Ferienliebe: My Tale of Naïvety, Solo-Travel, and Summer Love

By Cat Caie

When I arrived in Budapest on a gentle summer morning, it was still dark. I was on my own; I didn’t speak the language and feared the loud streets of a bustling city. On the walk to my hostel, I stayed on the phone with the guy I had been talking to at the time. Once I’d arrived safely, I went straight to sleep in my six-bed mixed-gender room. 

Waking up disoriented, I made sure that all my belongings were still where I left them. Then I locked all the most important ones in my designated locker – I wasn’t going to have them get stolen again. Shy and feeling a little silly, I avoided the free breakfast and set off to explore. With no idea of where I was going, I ended up going backwards and forwards and getting lost. 

When it started to get dark, I decided to venture back to my hostel. There was a message on the whiteboard, inviting me and others to meet in the dining area for some drinking games. This was when I met the people that I would spend the next week or so with: a girl who called herself Princess, lots of Italians, an Indian man, and two men who would become my friends. Somehow. 

That night we went bar crawling. I got kicked out for throwing up. Then I blacked out. Luckily, my two new male friends were there to carry me home. I didn’t learn my lesson and repeated this process another four times.

During the day, I had become close friends with this strange little group of people. The two swiss men would talk and laugh about me in German thinking I didn’t understand what they were saying. She’s probably riddled with STDs. Do you think she has showered yet? Bet I can get her to kiss me next. I would walk ahead with everyone else instead. 

During the night, we ate carrots in ruin bars. Slowly, I began to realise that I had kissed the same guy a couple of nights in a row. I doubted my integrity. Was I really this person? Or was I just trying to prove that I wasn’t just a naïve 18-year-old? I was as cool and adult as all these people at least seven years older than me. At least, I thought so at the time.

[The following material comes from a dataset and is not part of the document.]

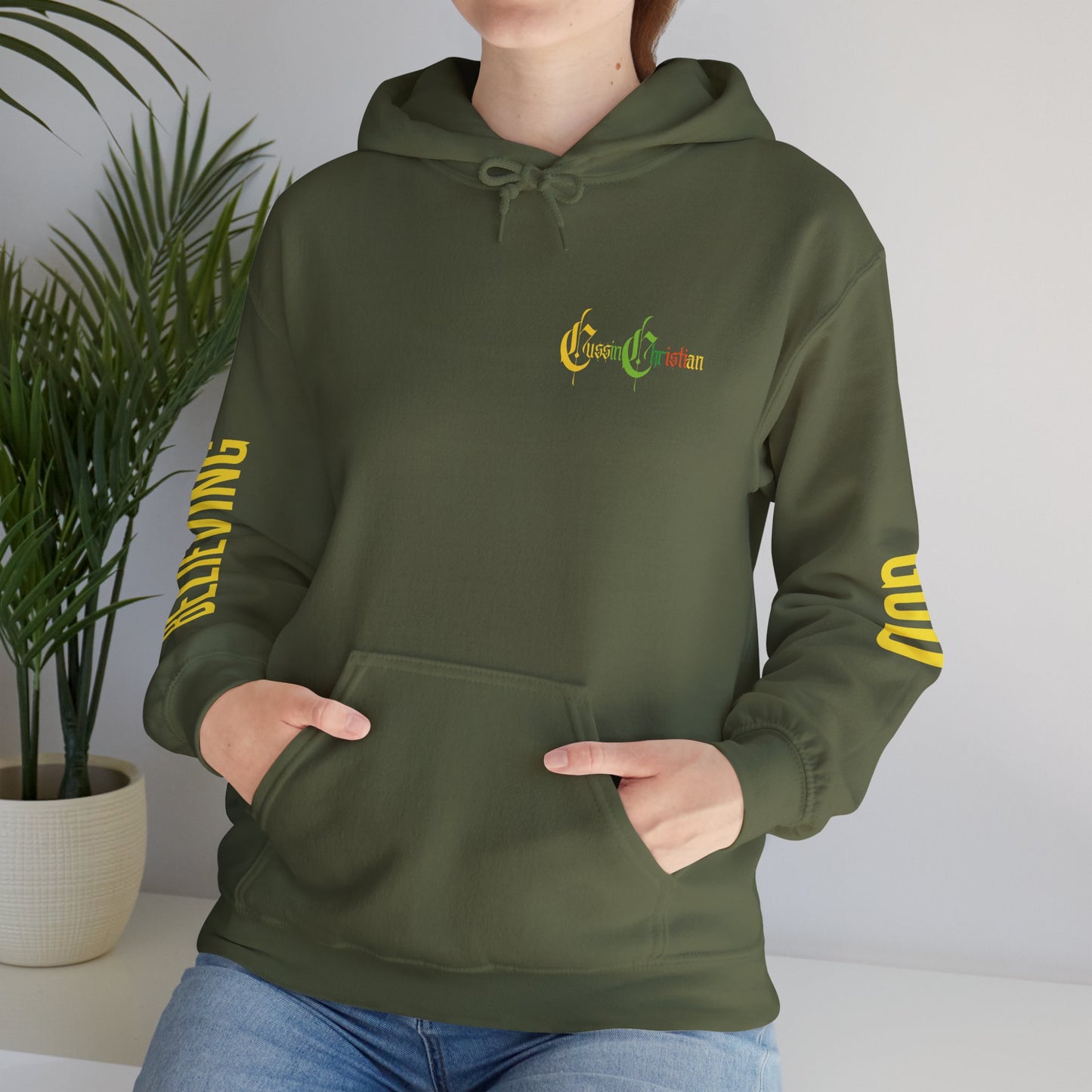 believing god sleeve yellow unisex heavy blend™ hooded sweatshirt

When I went to the thermal spas with one of my male friends after that string of wild nights, I made it clear that I would from then on only be a wingman. Yet, at some point, I found myself following the same man I had kissed across Europe. We took different trains but ended up in the same countries. The same cities. Always finding each other again. 

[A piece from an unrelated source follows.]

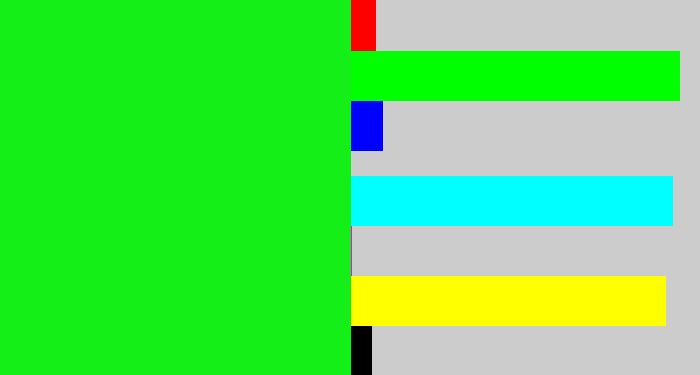 Hex color #13ef17 - neon green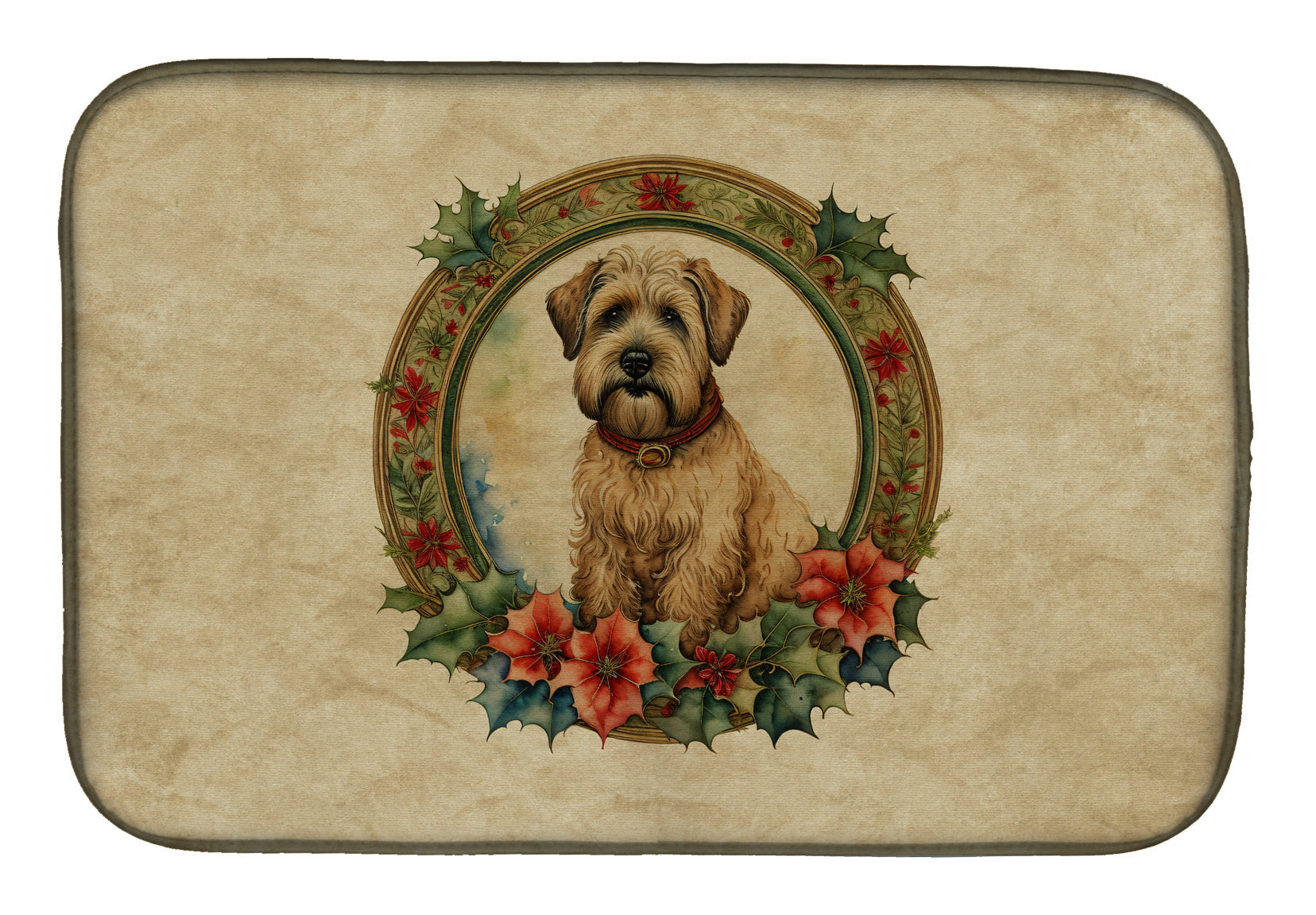 Wheaten Terrier Christmas Flowers Dish Drying Mat Absorbent Dish Drying Mat Pad for Kitchen Counter Dish Drainer Mat for Countertop, 14 x 21", Multicolor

The next thing I knew, we were walking side by side down a street in Berlin. I was taking photos of him. He was telling me about this girl he had a crush on back home. She had a boyfriend. He was sad. 

I was staying at the same hostel as him. When we had taken a seat on Museum Island, he stroked my leg and said, “It’s alright not shaving at your age but when you become a woman, you should consider it. Men don’t like this.” I bought him dinner to show him that I was the man. He was a good guy, the little voice in my head tells me still. But was he? 

I still remember walking down the Vltava and him telling me that this was only Ferienliebe, summer love. I laughed, how romantic. Still, the word floated around my head for a little while. Why should ‘love’ have to be permanent? The answer, I learned, is that it doesn’t. I’m quite happy to have the memory of him untarnished by the things he would have later said to ruin it all. Happy that it only lasted three weeks on and off. Happy that it remains a Ferienliebe.